5. What to Do When You Think the Bill Is Wrong
When you believe a bill is wrong, your goal is to pause collection activity while you get clarity.
A practical approach:
- Call the provider’s billing office and ask for an itemized bill.
- Ask, “Has insurance processed this claim yet?” If not, ask them to resubmit or confirm it’s pending.
- Call your insurance company and ask why something was denied or processed a certain way.
- Keep notes: date, time, who you spoke with, and what they said.
- If needed, request an internal appeal and ask how external review works if the appeal is denied.
If you’re uninsured or self-pay and your final bill is at least $400 more than the “good faith estimate,” you may be able to use the federal patient–provider dispute process. CMS outlines your medical bill rights, including how the dispute process works and what protections apply to your situation.
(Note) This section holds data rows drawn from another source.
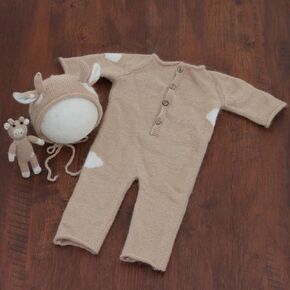 Zeroest Newborn Photo Prop for Girl and Boy Knit Cow Bonnet Newborn Photography Outfit Bull Set Baby Photoshoot Ox Stuffed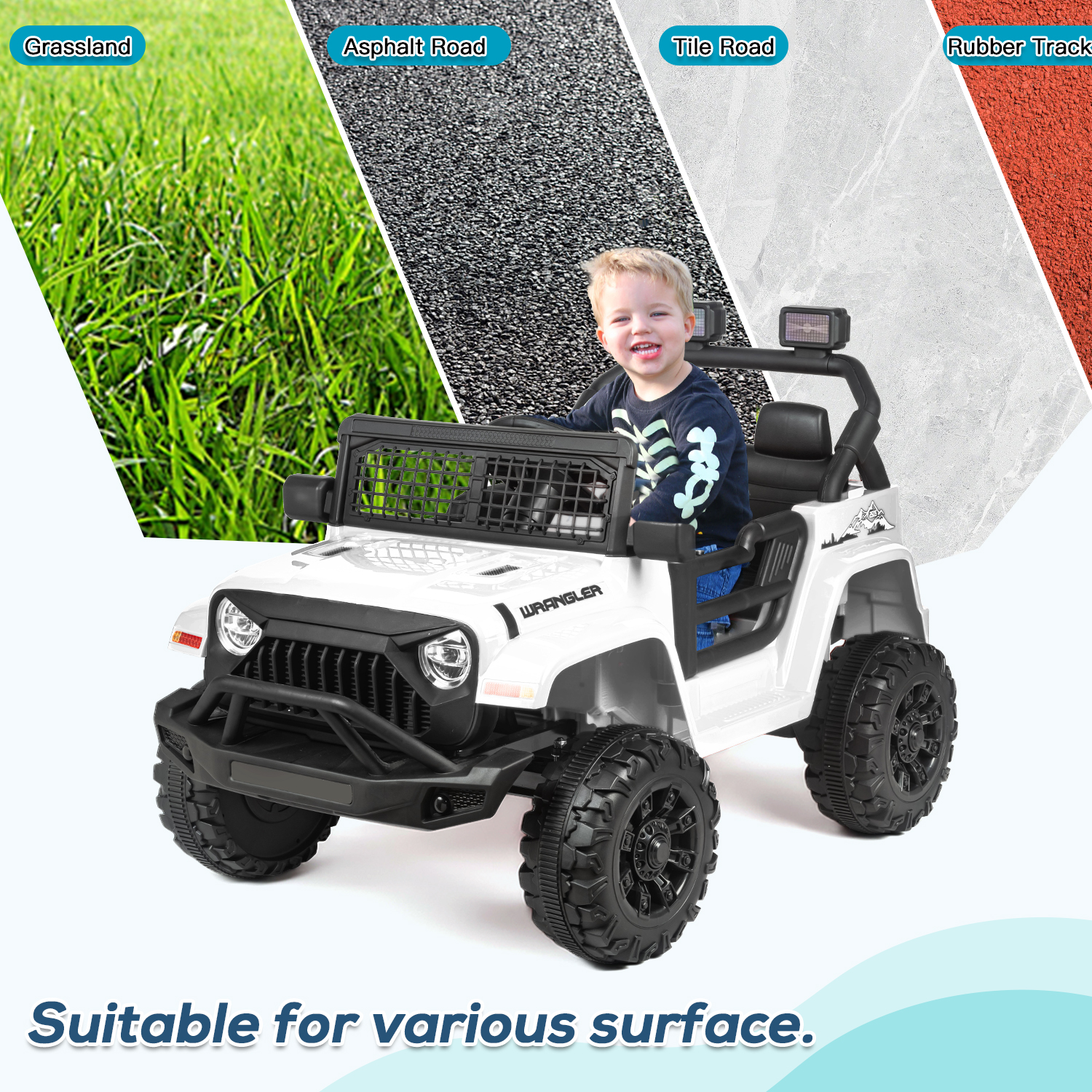 Erinnyees Ride on Jeep Car 12V Kids Electric Vehicles with Parent Remote Control, Safety Belt,Forward and Reverse Functions,Battery Powered,Spring Suspension,Music and Lights-White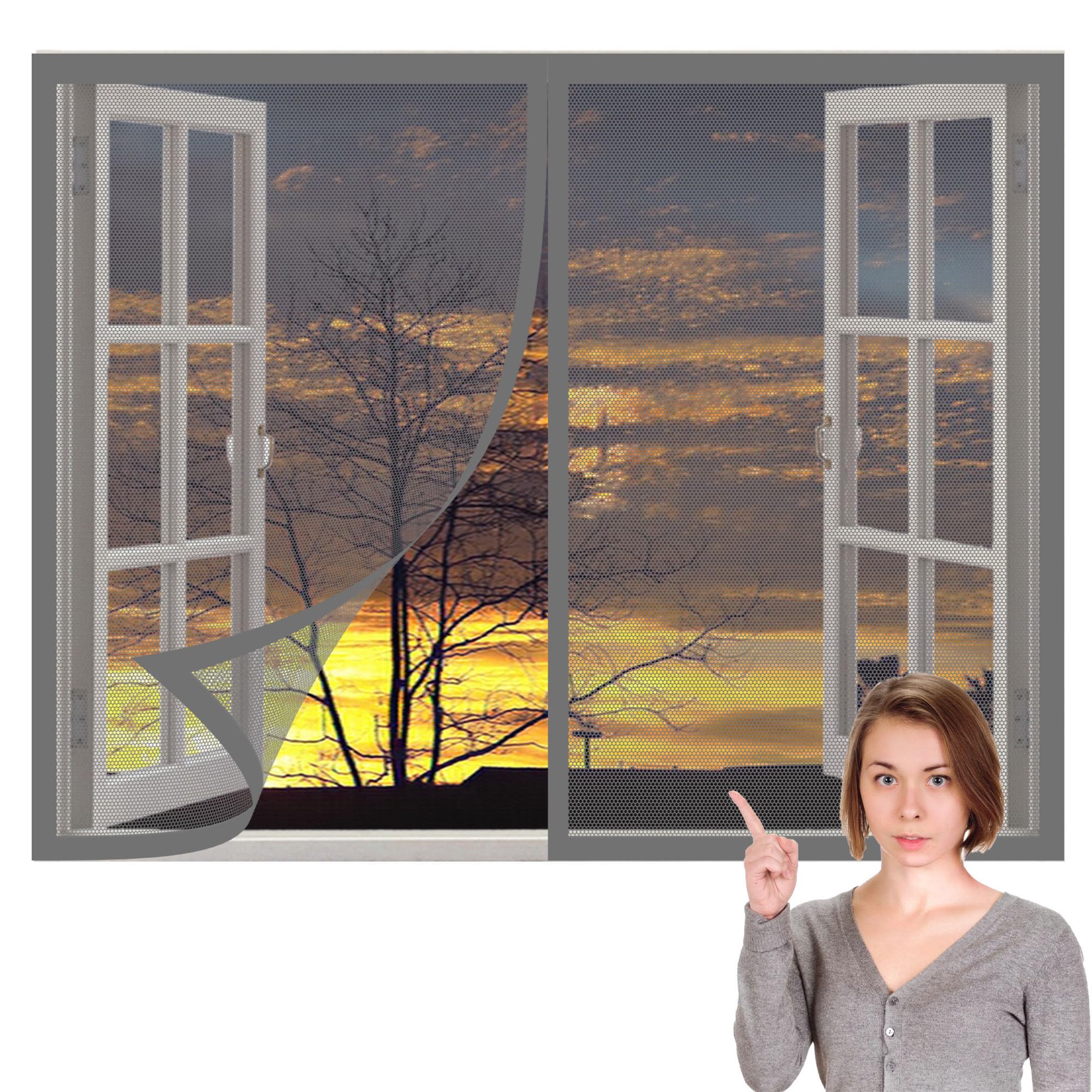 Moustiquaire fenêtre magnétique 170x170 cm grise avec aimants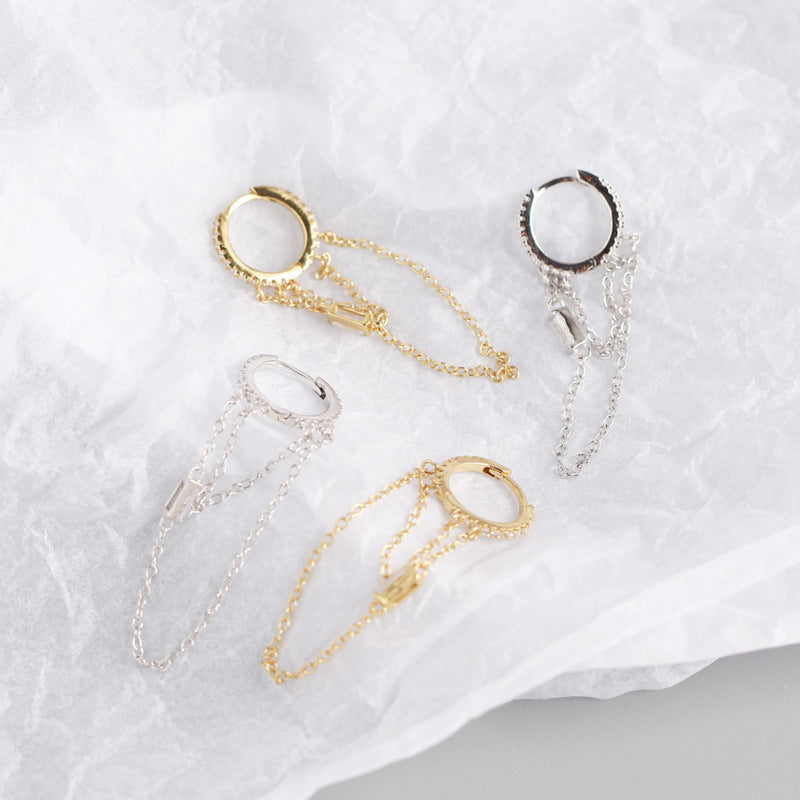 INS Style Chain Tassel Long Paragraph Ear Ring Wild Women Girl Silver Ear Jewelry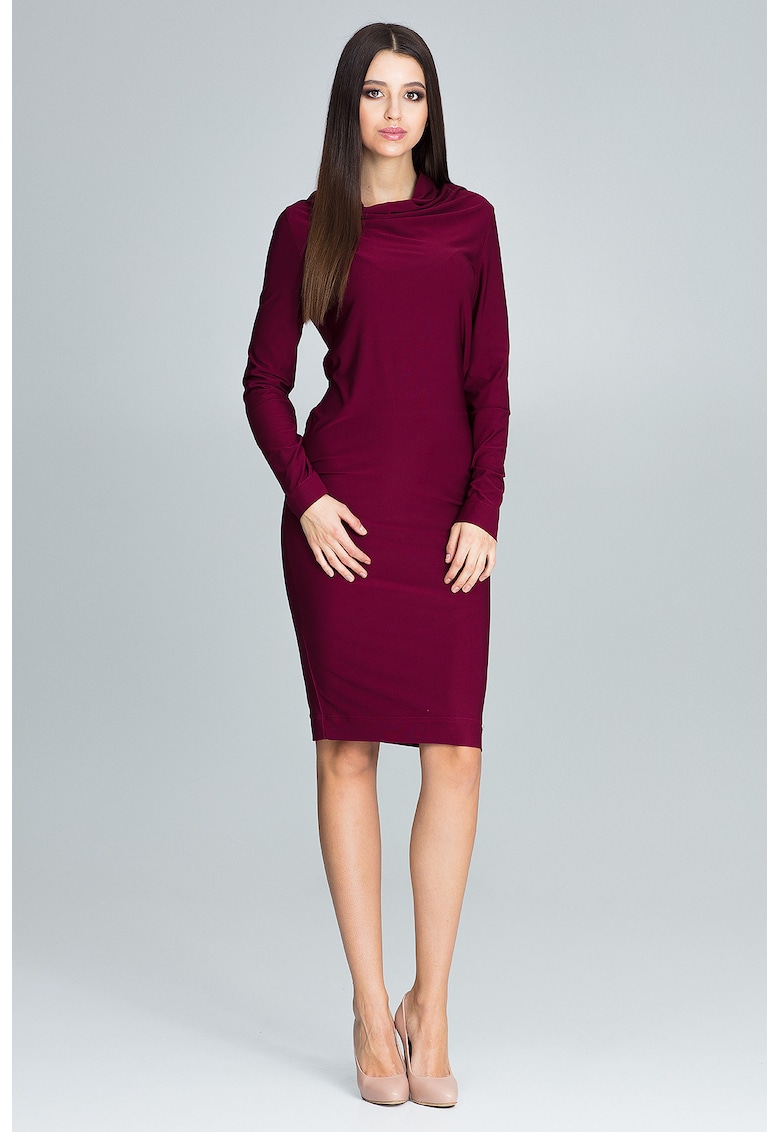 Rochie  eleganta visiniu - maneci lungi - decolteu - poliester
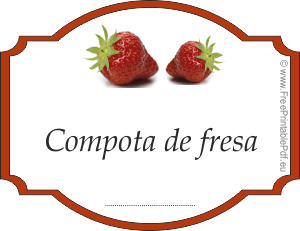 Etiquetas para compota de fresa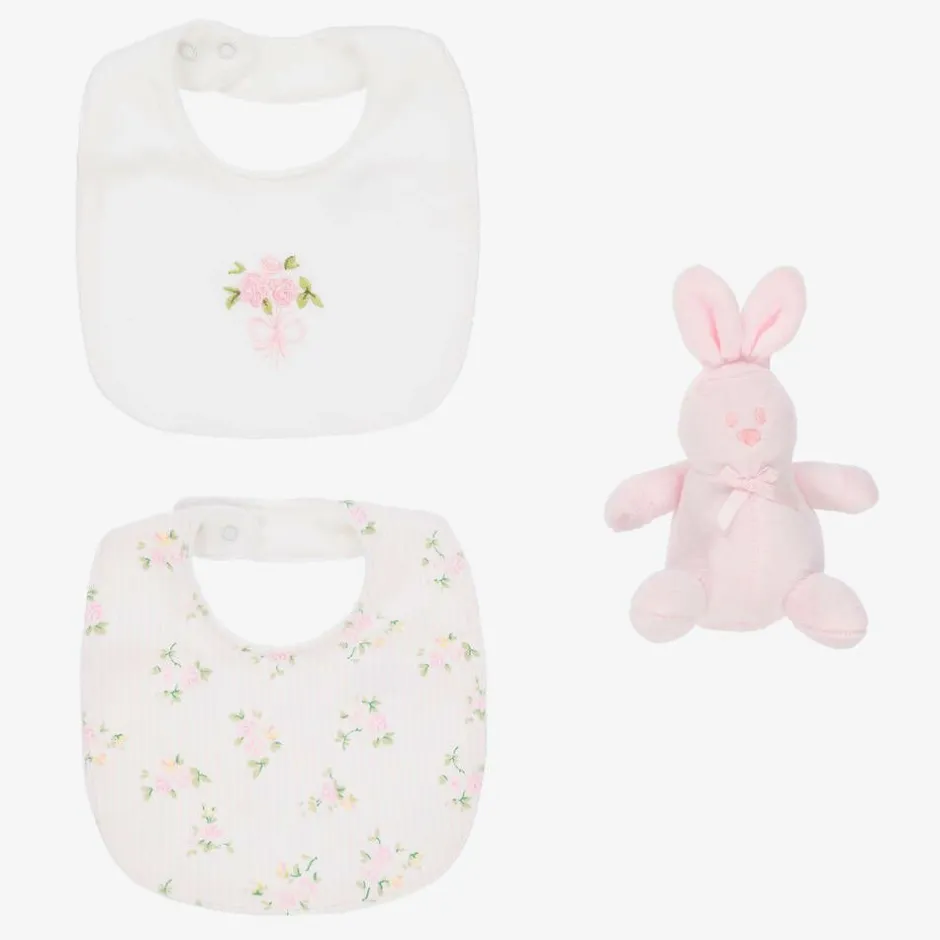 Emile et Rose Baby Girls Pink Bibs & Bunny Gift Set Discount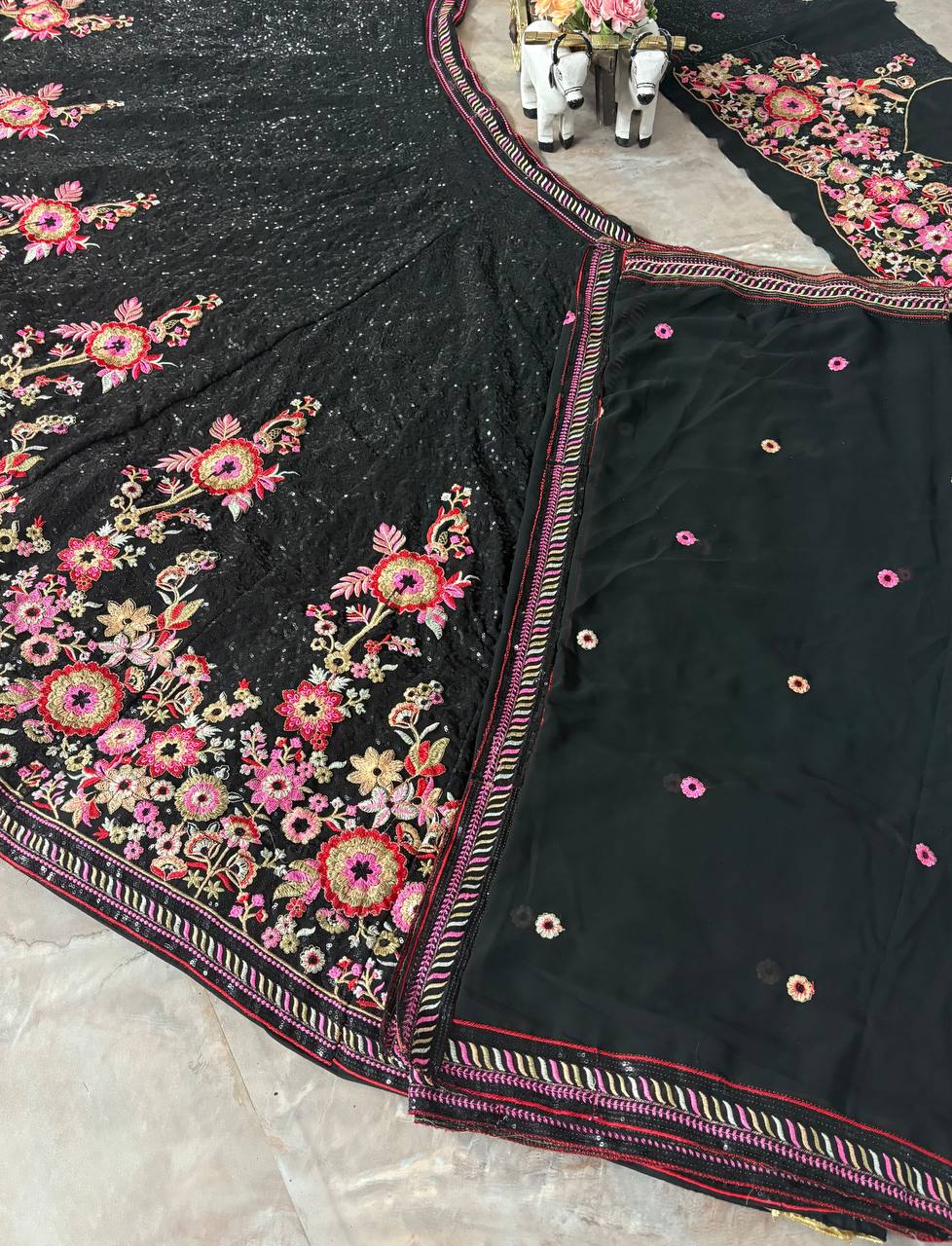 Black Faux Georgette Embroidered Lehenga Choli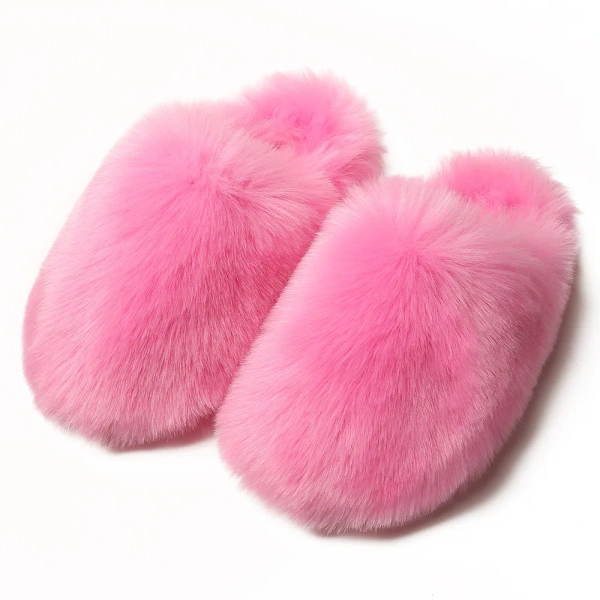 Cozy Fluffy Faux Fur Slippers Anti-Skid Indoor Winter Shoes with Durable Outsoles Multicolor House Shoes for Autumn Season - Image 6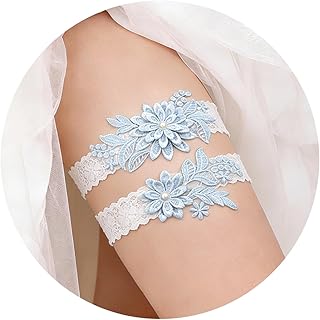 Blaues Strumpfband Hochzeit für Braut, 2PCS Spitze Elastisches BrautStrumpfband mit Perlen, Wedding Garters for Bride, Elegantes Braut Accessoires Hochzeitsstrumpfband Brautschmuck(D)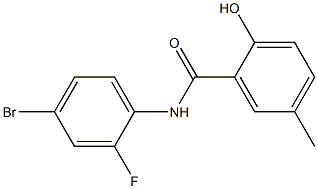 N-(4-bromo-2-fluorophenyl)-2-hydroxy-5-methylbenzamide Structure
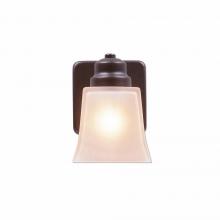 Avalanche Ranch Lighting A57101TS-28 - Woodland Sconce - Rustic Plain - Tea Stain Glass Bowl - Dark Bronze Metallic Finish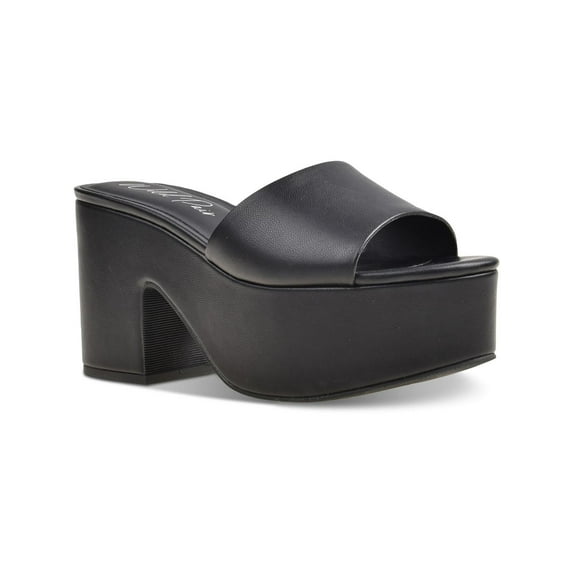 Wild Pair Womens Melborne Faux Leather Open Toe Platform Sandals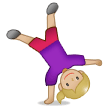 Woman Cartwheeling Emoji with Medium-Light Skin Tone, Samsung style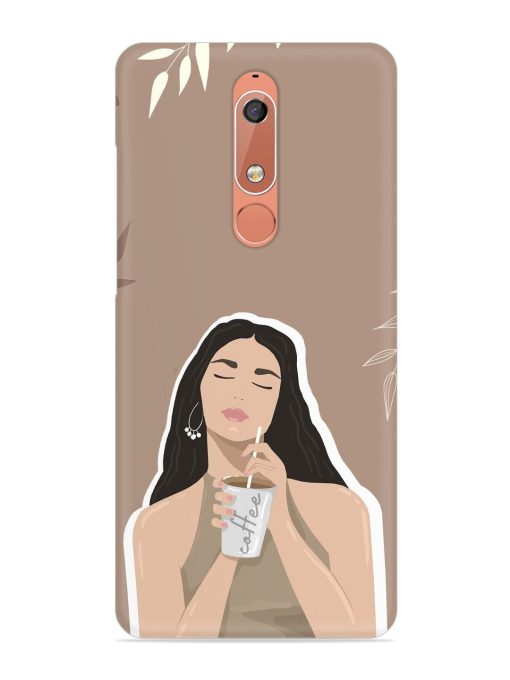 Girl With Coffee Snap Case for Nokia 5.1 Zapvi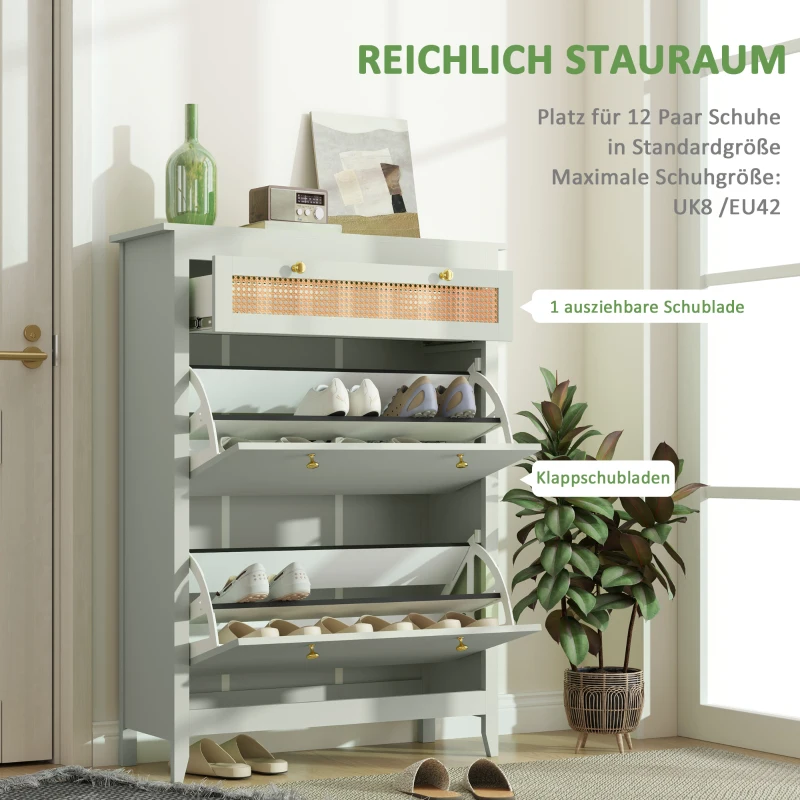 HOMCOM Schuhschrank für 12 Paar Schuhe, mit 1 ausziehbaren Schublade, 2 Flip-Schubladen, Schuhkommode, 88 x 30 x 120 cm, Grün(m-4)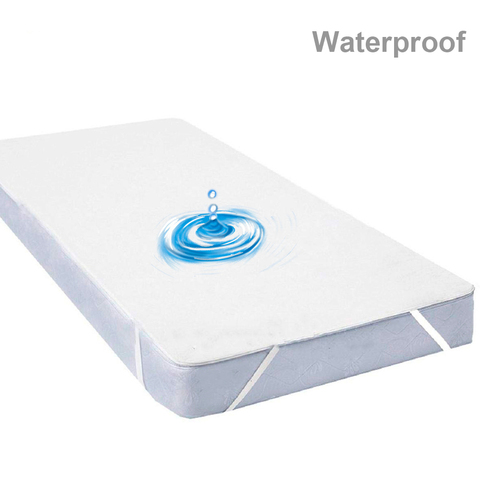 Funda impermeable blanca para colchón, Protector de cama antiácaros, resistente al agua, cinturón elástico ► Foto 1/6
6. Surprise Bills and Out-of-Network Mistakes
Sometimes the “error” isn’t a typo. It’s that you got an unexpected out-of-network bill. The No Surprises Act gives protections in many emergency situations and certain non-emergency situations at in-network facilities. If you believe your bill qualifies as a surprise bill, the CFPB and CMS resources above both explain what steps to take and where to submit a complaint.
7. The Big Picture Takeaway
Medical debt is often tied to paperwork problems, not bad intentions. When you know how insurance and billing errors happen, you’re less likely to panic and more likely to respond in a way that works.
The goal is simple: verify before you pay, and get the bill corrected before it turns into long-term debt.